▶ [Records supplied]:

══════

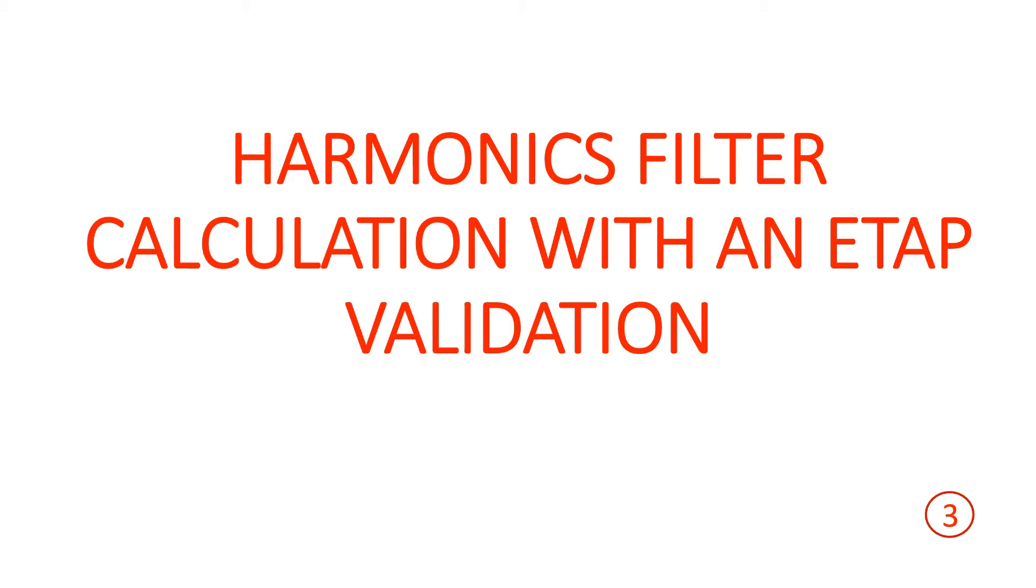Hello everyone. Welcome back to my channel. In this lecture, let us discuss harmonics filter calculation. Again, this calculation will be validated with ETAP software.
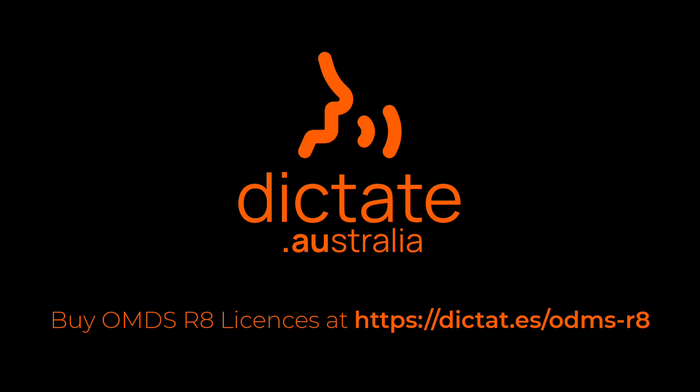Customers with ODMS R6 or DSS Player Pro R5 will need to buy a new full ODMS R8 license for the module that they need.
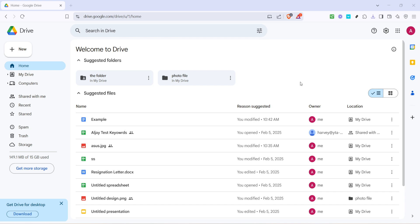First, you'll want to open your web browser and navigate to Google Drive. It's the starting point for our journey today. If you're not already signed in, just use your usual Google account credentials to access your drive. Once you're in, you'll see a familiar interface with all your files neatly organized.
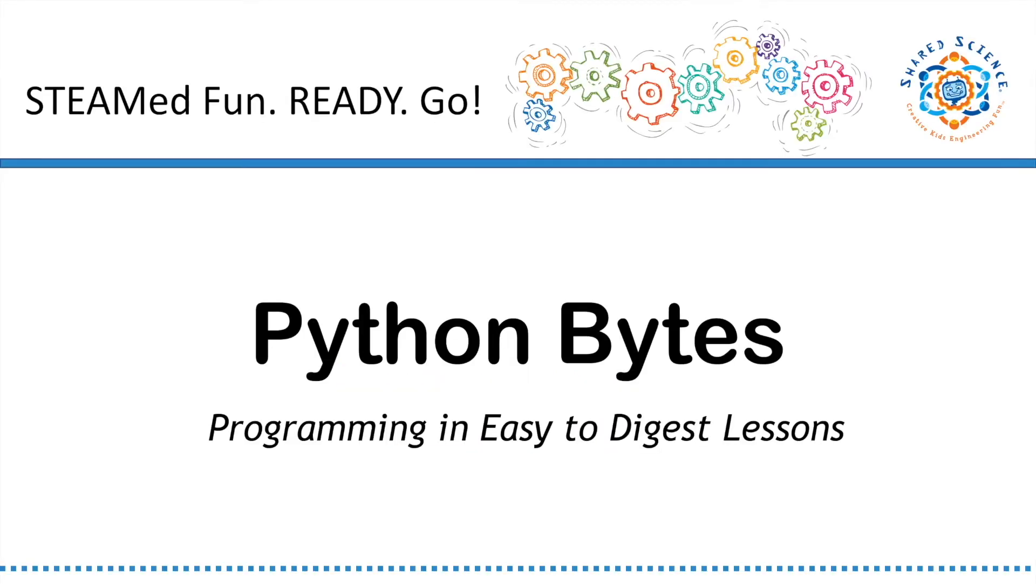Welcome back, friends. I'm Burke with Shared Science in Long Beach, California, where creative kids dive into STEM fun.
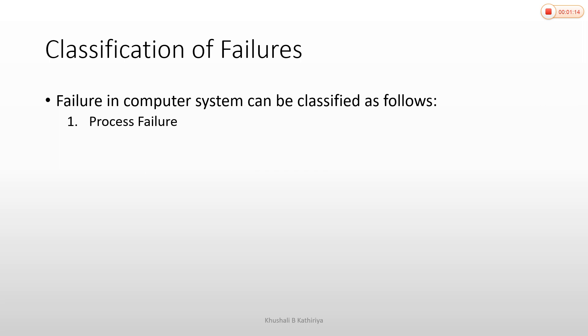If you don't have the actual output of the system, you can detect process failure. The behavior shows incorrect computation during process execution. When process failure occurs, you need to restart the process.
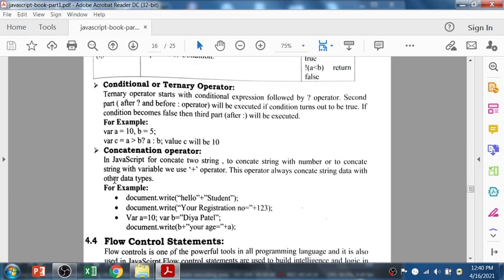The next is the conditional, also called the ternary operator, which uses the question-mark symbol. The part after the question mark and before the colon is executed when the condition is true. For example: c equals (a greater-than b) question-mark a colon b. If the condition is true, a is the true value and will be printed. If the condition is false, b will be printed.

══════

▶ [About this exercise]:
Write the records out again exactly; none of the pictures belong in the copy.

▶ [Exercise response]:
Hello everyone. Welcome back to my channel. In this lecture, let us discuss harmonics filter calculation. Again, this calculation will be validated with ETAP software.
Customers with ODMS R6 or DSS Player Pro R5 will need to buy a new full ODMS R8 license for the module that they need.
First, you'll want to open your web browser and navigate to Google Drive. It's the starting point for our journey today. If you're not already signed in, just use your usual Google account credentials to access your drive. Once you're in, you'll see a familiar interface with all your files neatly organized.
Welcome back, friends. I'm Burke with Shared Science in Long Beach, California, where creative kids dive into STEM fun.
If you don't have the actual output of the system, you can detect process failure. The behavior shows incorrect computation during process execution. When process failure occurs, you need to restart the process.
The next is the conditional, also called the ternary operator, which uses the question-mark symbol. The part after the question mark and before the colon is executed when the condition is true. For example: c equals (a greater-than b) question-mark a colon b. If the condition is true, a is the true value and will be printed. If the condition is false, b will be printed.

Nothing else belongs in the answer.